Mais les jardinières et les jardiniers sont en lutte, derrière les slogans aussi enfantins que puissants : « Des potirons, pas du béton ! » ou « Des pommes, pas un solarium ! », chantés par les membres du collectif qui s’est créé à la fin de l’été 2020. Un peu plus de la moitié des terres des parcelles solidaires d’Aubervilliers risque d’être détruite d’ici le début de l’été. Face au départ imminent des travaux : le collectif de défense des jardins ouvriers d’Aubervilliers appelle à une manifestation ce samedi 17 avril, à 10h30, place de la mairie. Parmi eux, quatre habitants, jardiniers, seront là pour défendre, ce qu’ils considèrent comme leurs terres.

« Des potirons, pas du béton ! » peut-on lire sur cette affiche non loin des jardins.

Des jardins symboles d’Aubervilliers

Pour Marie, retraitée, c’est une sixième année de participation aux jardins qui a commencé en mars dernier. Habitante d’Aubervilliers, elle a découvert l’endroit lors des journées du patrimoine organisées par la ville. « C’était en septembre, et avec la pluie, l’air était parfumé. Ça a été un coup de foudre. » Une lettre de motivation et un an et demi d’attente plus tard, elle obtient la possibilité de cultiver une parcelle. « En plus je souhaitais un laurier », raconte-t-elle amusée en désignant l’arbre planté près de sa cabane. Par les jours de beau temps, elle passe tous ses après-midis dehors à cultiver la terre. « C’est bon pour le moral, pour l’exercice physique. » 

La jardinière détaille avec passion la manière qu’elle a de s’occuper de la terre : « Je vais semer ce que je peux : des radis, des petits pois, certain·e·s mettent des fèves… Je prépare aussi mes plants de tomates, de poivrons et de concombres que je replanterai ensuite. Je fais des expériences, et on essaie toujours d’être bio. »

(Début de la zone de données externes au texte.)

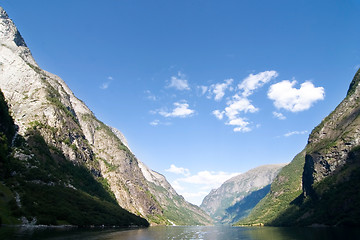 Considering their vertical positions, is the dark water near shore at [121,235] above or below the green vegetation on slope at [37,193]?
below

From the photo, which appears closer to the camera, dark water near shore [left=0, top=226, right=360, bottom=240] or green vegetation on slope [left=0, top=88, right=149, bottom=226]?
dark water near shore [left=0, top=226, right=360, bottom=240]

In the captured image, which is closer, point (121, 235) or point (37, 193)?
point (121, 235)

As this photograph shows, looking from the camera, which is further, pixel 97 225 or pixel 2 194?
pixel 97 225

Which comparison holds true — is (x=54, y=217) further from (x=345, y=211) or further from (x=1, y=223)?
(x=345, y=211)

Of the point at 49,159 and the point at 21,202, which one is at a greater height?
the point at 49,159

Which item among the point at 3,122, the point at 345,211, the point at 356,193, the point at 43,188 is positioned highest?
the point at 3,122

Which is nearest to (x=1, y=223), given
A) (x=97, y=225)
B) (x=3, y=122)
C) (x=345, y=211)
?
(x=97, y=225)

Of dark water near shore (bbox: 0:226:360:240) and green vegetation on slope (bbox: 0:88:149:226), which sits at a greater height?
green vegetation on slope (bbox: 0:88:149:226)

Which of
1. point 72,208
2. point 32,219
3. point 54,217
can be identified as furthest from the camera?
point 72,208

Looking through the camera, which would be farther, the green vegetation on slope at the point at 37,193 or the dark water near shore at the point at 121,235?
the green vegetation on slope at the point at 37,193

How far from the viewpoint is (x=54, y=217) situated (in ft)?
388

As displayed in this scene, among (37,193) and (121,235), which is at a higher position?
(37,193)

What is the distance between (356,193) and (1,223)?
703ft

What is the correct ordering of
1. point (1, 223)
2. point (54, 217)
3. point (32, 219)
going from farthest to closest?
point (54, 217), point (32, 219), point (1, 223)
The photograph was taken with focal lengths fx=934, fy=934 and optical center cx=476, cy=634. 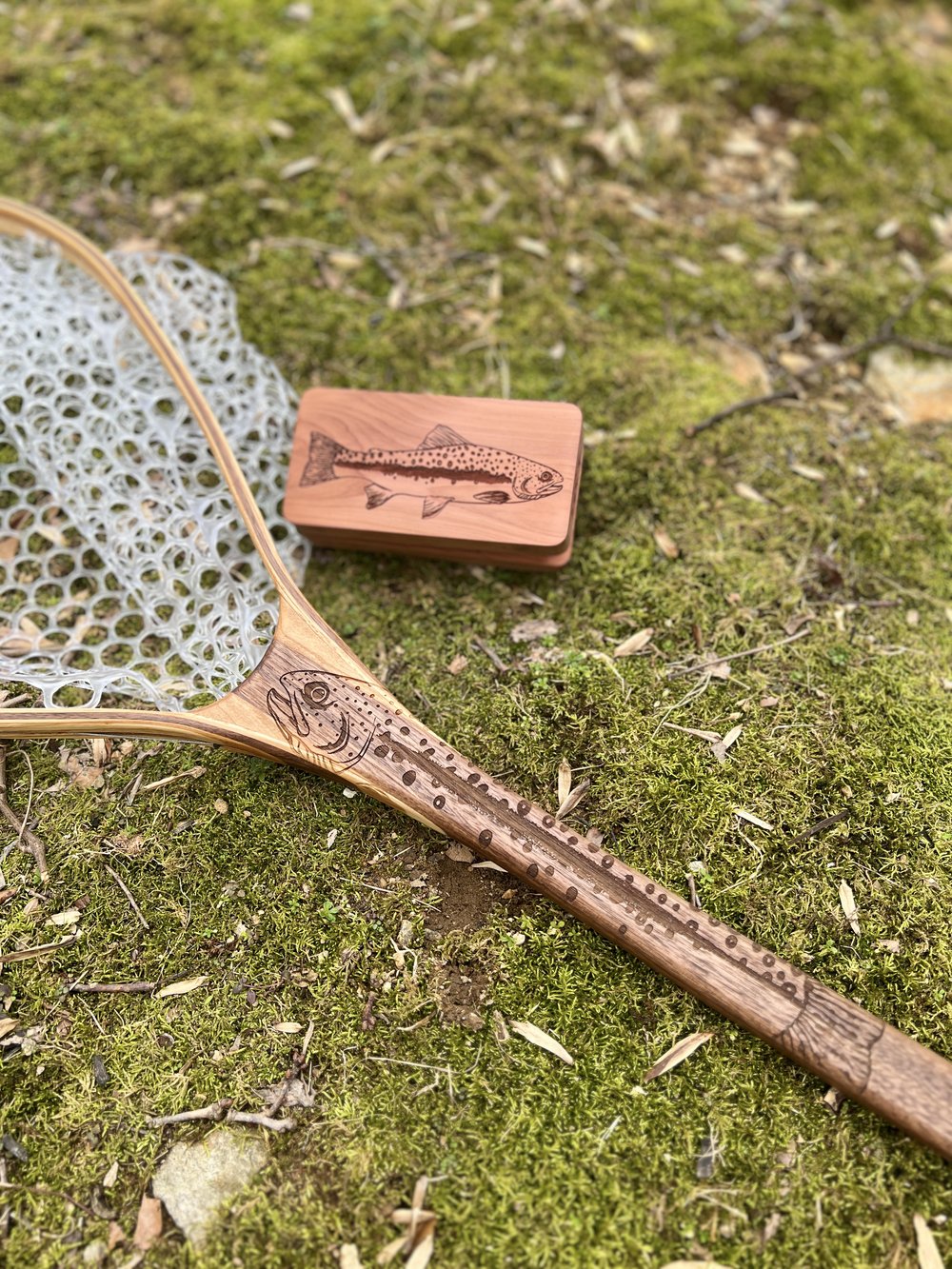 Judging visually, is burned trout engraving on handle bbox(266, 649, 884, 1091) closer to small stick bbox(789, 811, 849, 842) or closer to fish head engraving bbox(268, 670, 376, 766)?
fish head engraving bbox(268, 670, 376, 766)

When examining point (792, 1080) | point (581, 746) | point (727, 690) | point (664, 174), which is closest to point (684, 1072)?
point (792, 1080)

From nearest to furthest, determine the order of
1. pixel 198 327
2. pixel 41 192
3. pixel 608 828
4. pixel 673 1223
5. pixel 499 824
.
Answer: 1. pixel 673 1223
2. pixel 499 824
3. pixel 608 828
4. pixel 198 327
5. pixel 41 192

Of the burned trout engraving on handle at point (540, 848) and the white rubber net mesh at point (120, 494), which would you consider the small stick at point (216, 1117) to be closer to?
the burned trout engraving on handle at point (540, 848)

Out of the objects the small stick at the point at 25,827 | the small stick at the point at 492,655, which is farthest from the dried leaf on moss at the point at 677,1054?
the small stick at the point at 25,827

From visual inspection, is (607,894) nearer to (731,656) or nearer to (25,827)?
(731,656)

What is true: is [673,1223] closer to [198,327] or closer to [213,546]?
[213,546]

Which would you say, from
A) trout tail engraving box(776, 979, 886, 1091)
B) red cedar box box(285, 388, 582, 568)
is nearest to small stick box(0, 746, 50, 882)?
red cedar box box(285, 388, 582, 568)

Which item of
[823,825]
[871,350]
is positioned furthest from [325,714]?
[871,350]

Une autonomie en fruits et légumes pour les précaires

Au-delà d’occuper ses après-midis, le jardin lui apporte une autonomie partielle en fruits et en légumes. Un coup de pouce dans le budget dont elle n’est pas la seule à profiter. « Je donne des légumes à ma famille, à mes copines. Par exemple, l’an dernier, j’ai eu plein de tomates. Maintenant, je n’en achète plus : une fois que vous avez goûté vos tomates, vous ne voulez plus acheter les tomates d’Espagne, qui n’ont pas de goût et qui assèchent les plaines où elles sont cultivées. »

Chacun·e enrichit son jardin avec ce qu’elle ou il amène de son pays. Ça nous enrichit aussi.

La doyenne du jardin insiste aussi sur le partage interculturel présent dans ces jardins. « Ici, nous sommes de plusieurs nationalités. Alors chacun·e enrichit son jardin avec ce qu’elle ou il amène de son pays. Ça nous enrichit aussi. Lorsqu’on a beaucoup de fruits, on se les donne, il y a des échanges, c’est très sympa. »

Comme beaucoup, Marie se mobilise contre la construction du solarium, qui entraînerait la destruction de dix-neuf parcelles : « Je ne suis pas contre la piscine, mais dans les anciens projets, il n’était pas question du solarium, on l’a appris au mois de juillet, après les élections municipales. J’ai assisté à plusieurs réunions. Et je posais des questions : ‘Allez-vous toucher à nos jardins ?’ La réponse était toujours non, mais c’était toujours à l’oral. »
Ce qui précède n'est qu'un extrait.